━━━ INPUT DATA ━━━
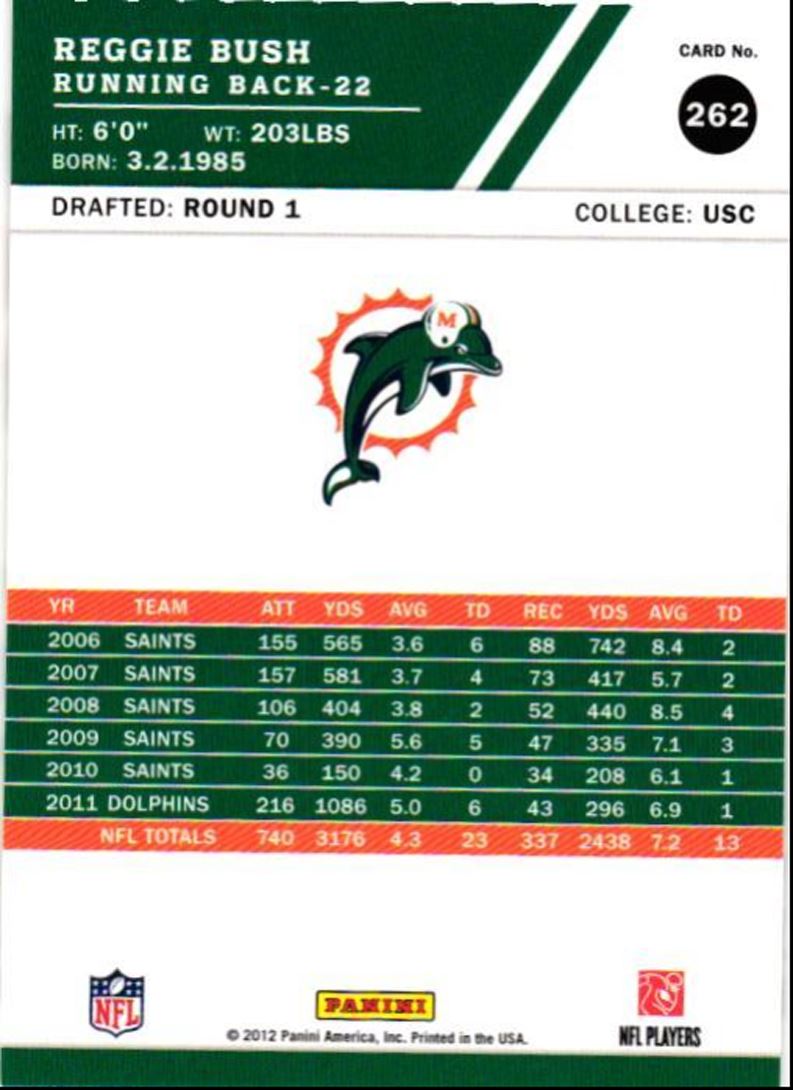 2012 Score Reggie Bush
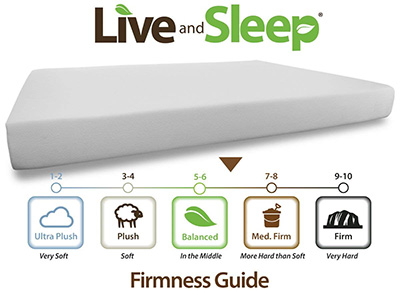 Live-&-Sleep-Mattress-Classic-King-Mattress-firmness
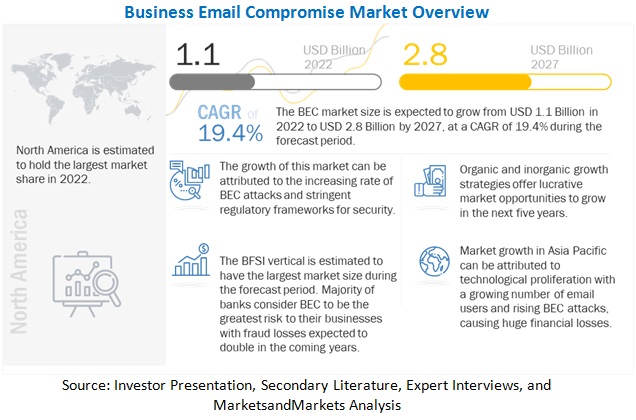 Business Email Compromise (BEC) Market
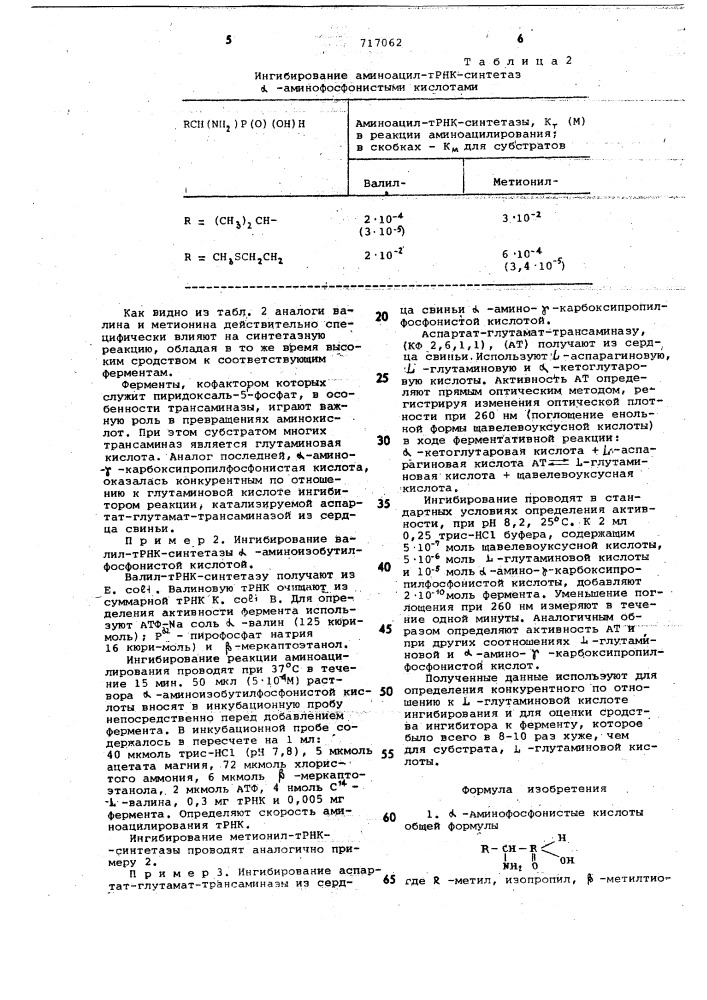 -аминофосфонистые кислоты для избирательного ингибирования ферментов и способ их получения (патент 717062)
━━━
PROMPT: Pictures excluded, quote all the data above exactly.

SOLUTION TO THE PROBLEM:
 2012 Score Reggie Bush
 Live-&-Sleep-Mattress-Classic-King-Mattress-firmness
 Business Email Compromise (BEC) Market
 -аминофосфонистые кислоты для избирательного ингибирования ферментов и способ их получения (патент 717062)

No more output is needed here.